Qualitative data synthesis

The scarcity of studies and the diversity of control arms across trials did not permit a meta-analysis of inflammation and oxidative stress markers. A summary of these results is available in Table 1.

In one study [20], daily supplementation of the diet with oat porridge containing 3 g of beta-glucan, among hypercholesterolemic adults, for 4 weeks resulted in decreased inflammatory marker levels, including high sensitivity C–reactive protein (hsCRP), interleukin 8 (IL-8), IL-6, and tumour necrosis factor alpha (TNF-α). The OSI also increased antioxidant capacities, by increasing the oxygen radical absorbance capacity and ferric reducing ability of plasma.
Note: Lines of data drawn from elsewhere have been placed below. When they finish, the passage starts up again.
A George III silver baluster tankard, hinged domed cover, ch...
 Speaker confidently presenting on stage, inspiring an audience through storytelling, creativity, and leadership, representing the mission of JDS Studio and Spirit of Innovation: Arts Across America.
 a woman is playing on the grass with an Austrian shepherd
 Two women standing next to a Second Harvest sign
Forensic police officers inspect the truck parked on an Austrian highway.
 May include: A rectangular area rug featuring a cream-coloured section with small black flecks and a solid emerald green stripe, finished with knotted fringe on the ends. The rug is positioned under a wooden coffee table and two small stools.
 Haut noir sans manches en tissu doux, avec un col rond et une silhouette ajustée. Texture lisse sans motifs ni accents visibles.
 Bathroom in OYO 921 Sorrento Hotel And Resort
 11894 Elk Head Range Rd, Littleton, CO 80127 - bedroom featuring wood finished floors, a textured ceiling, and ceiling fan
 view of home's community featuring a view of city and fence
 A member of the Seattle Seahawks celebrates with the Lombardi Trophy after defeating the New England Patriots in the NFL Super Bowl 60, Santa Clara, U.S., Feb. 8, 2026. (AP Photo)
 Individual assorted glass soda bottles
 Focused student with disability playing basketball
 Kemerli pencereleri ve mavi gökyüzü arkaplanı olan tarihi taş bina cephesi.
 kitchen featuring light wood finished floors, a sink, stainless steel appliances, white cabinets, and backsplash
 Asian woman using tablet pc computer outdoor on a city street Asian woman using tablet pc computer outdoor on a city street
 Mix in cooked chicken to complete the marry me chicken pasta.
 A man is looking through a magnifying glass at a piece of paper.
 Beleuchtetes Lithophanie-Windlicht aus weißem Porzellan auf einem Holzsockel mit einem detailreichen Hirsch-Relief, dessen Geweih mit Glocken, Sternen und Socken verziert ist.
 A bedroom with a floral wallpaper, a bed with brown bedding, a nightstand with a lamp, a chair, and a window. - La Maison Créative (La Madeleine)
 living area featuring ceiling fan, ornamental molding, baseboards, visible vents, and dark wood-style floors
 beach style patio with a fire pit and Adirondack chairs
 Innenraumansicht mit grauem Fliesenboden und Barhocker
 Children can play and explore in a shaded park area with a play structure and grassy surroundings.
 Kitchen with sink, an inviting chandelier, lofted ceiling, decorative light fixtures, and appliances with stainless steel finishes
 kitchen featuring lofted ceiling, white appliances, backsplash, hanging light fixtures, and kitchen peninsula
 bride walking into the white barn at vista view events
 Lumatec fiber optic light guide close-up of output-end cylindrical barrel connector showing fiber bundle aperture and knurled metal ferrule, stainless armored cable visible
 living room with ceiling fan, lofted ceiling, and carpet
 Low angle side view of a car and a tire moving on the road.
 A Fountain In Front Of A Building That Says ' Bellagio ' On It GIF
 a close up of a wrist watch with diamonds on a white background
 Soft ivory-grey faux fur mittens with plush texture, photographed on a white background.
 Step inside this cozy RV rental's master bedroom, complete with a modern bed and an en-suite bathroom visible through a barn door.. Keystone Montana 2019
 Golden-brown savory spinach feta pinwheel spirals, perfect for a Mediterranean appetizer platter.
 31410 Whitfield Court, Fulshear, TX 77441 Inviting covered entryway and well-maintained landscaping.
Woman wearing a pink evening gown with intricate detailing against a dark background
Consumption of rice porridge did not lead to significant changes in these measures [20]. Oat interventions differ by botanical origin, molar mass, food matrix or degree of purification, and thus may have different effects on inflammatory markers [21]. In a trial including 75 hypercholesterolemic subjects receiving either 6 g/d concentrated OβGREs or 6 g/d dextrose (control) over a 6-week period, hsCRP did not significantly change in response to OβGREs [22]. Similarly, in an RCT comparing a mixture of wheat and oats with wheat only, none of the treatments significantly affected hsCRP or IL-6 [23]. In 43 otherwise healthy men and women with increased cholesterol levels, who consumed a daily ready-meal soup low in energy and fat and high in fibre, but with OβGREs vs. the same soup without OβGREs, there were no statistically significant changes observed in hsCRP between groups [24]. A single study on the antioxidant effects of avenanthramides was found: healthy people were randomized to the OSI group with oats-derived avenanthramides capsules (containing 3.12 mg avenanthramides) or placebo (corn oil capsules) or control group (no avenanthramides) for 1 month. Reported post-treatment serum levels of superoxide dismutase and reduced glutathione were found to significantly increase by 8.4% and 17.9%, respectively (p < 0.05) [25]. While malondialdehyde level significantly decreased by 28.1%, TC, TG and LDL-C levels were lowered by 11.1%, 28.1%, and 15.1% compared to no oats and control groups, respectively.

Discussion

In this systematic review and meta-analysis, dietary OSIs were associated with some improvements in a subset of CVD risk markers independently of the dietary background or control arm (Fig. 2). In particular, OSIs showed consistent decreases for BMI, total and LDL-C levels, regardless of the background diet or comparison group. OSIs lowered levels of HbA1c, diastolic BP and HDL-C only when compared to no OSIs. Furthermore, compared to heterogeneous control arms, potential benefits of oat dietary supplementation on apolipoprotein B and TG levels were observed, in addition to improved TC and LDL-C levels. A network meta-analysis has also suggested that OSIs can help regulate TC and LDL-C, indicating that increasing oat sources of whole grain may be recommended for lipid control [26].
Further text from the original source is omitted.